→ **EXTRACTED MATERIAL**:
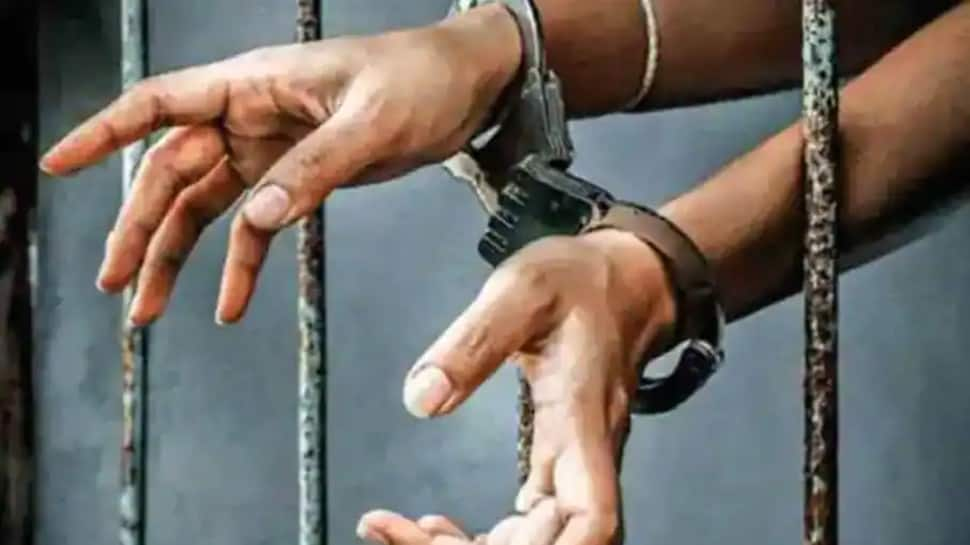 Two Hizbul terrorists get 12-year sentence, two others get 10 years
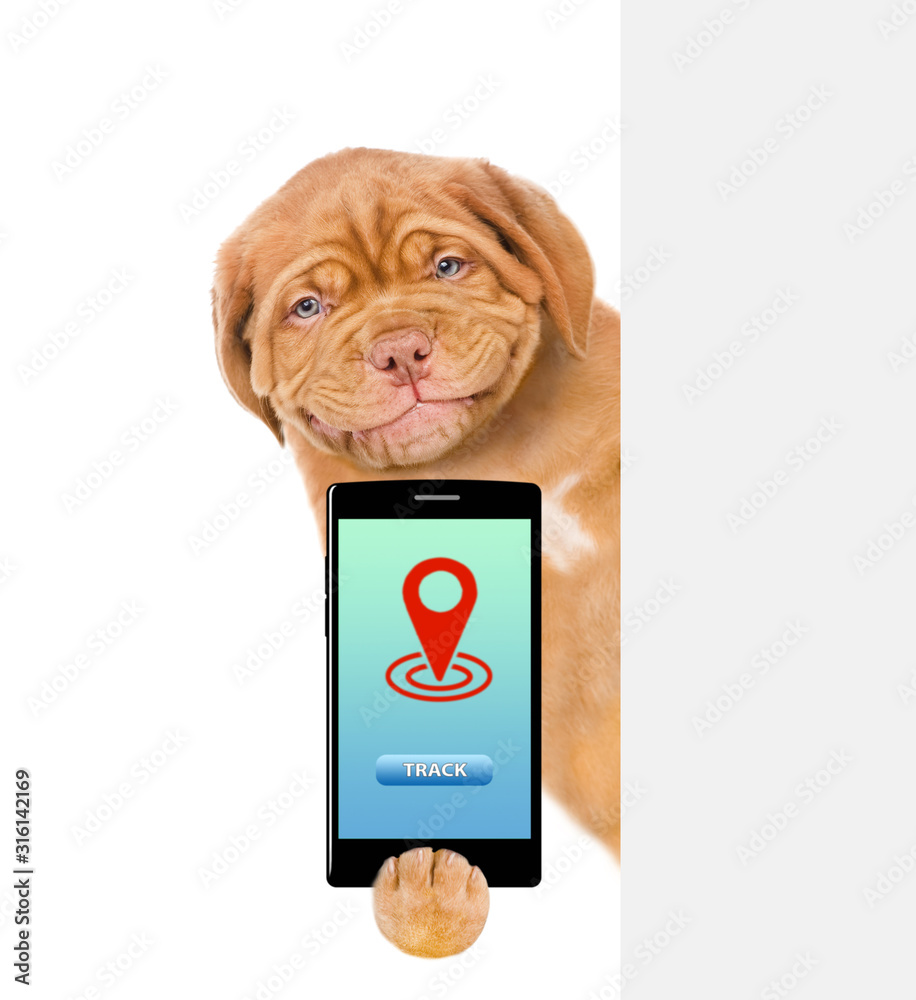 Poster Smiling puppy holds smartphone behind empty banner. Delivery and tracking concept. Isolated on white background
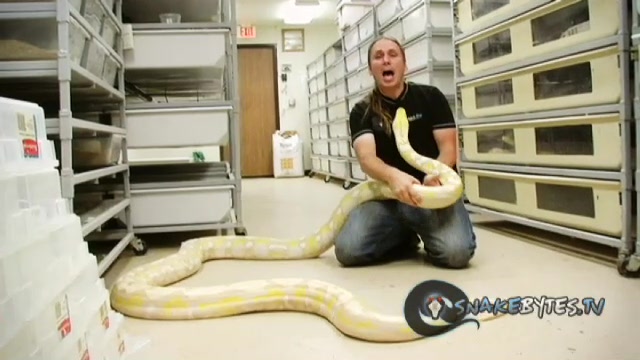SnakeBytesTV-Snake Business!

* * *

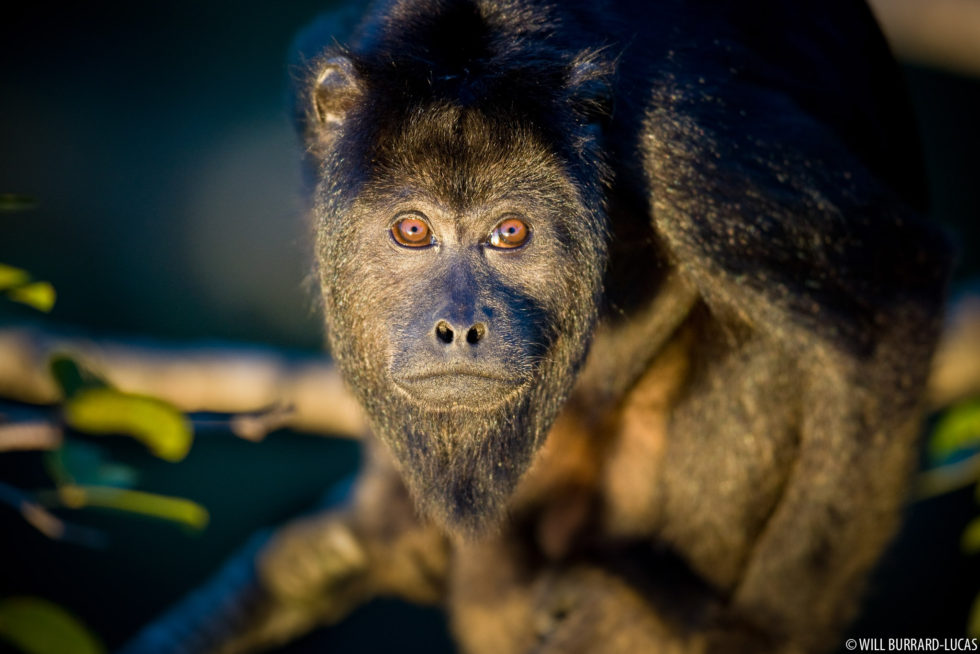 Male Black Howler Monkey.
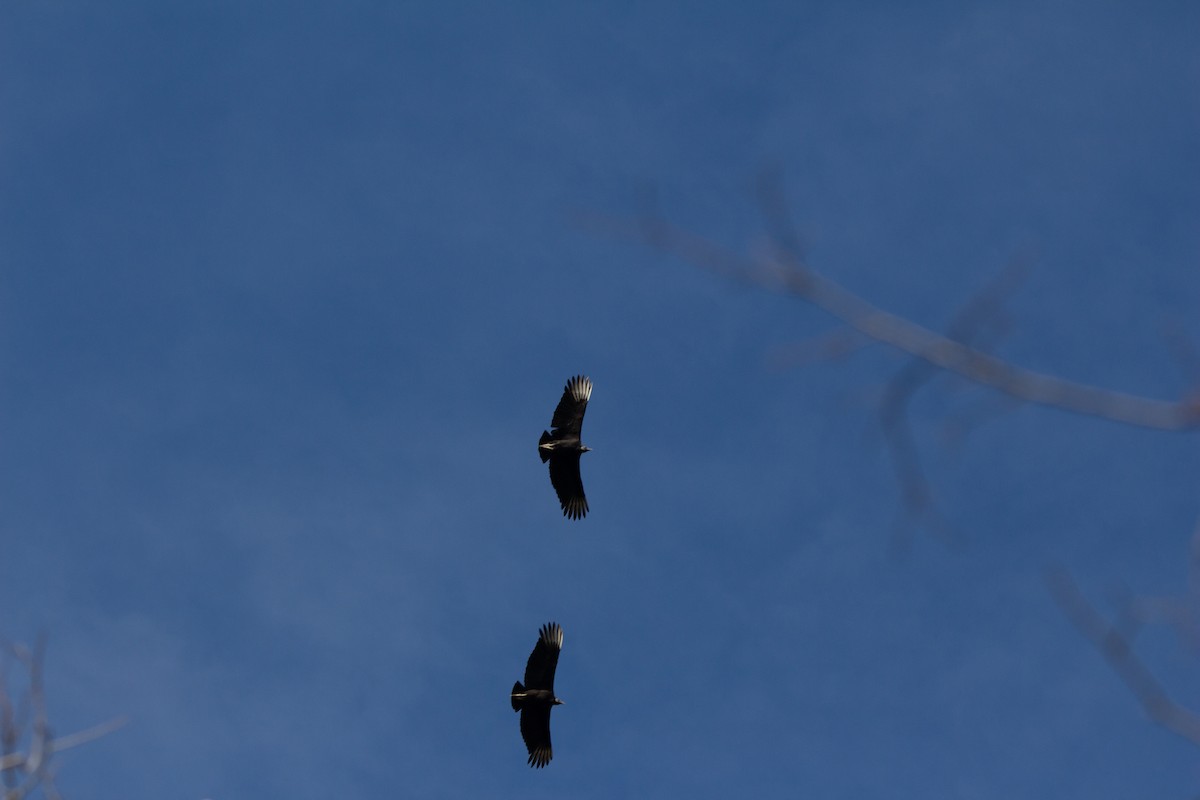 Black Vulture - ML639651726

==

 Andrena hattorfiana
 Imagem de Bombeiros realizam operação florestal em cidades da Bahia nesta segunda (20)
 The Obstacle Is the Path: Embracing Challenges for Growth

→ **TASK ITEM**: Your answer should consist of the lines from the line with "Imagem de Bombeiros" to the line with "The Obstacle Is" above, repeated exactly, both ends included.

→ **ANSWER**:
 Imagem de Bombeiros realizam operação florestal em cidades da Bahia nesta segunda (20)
 The Obstacle Is the Path: Embracing Challenges for Growth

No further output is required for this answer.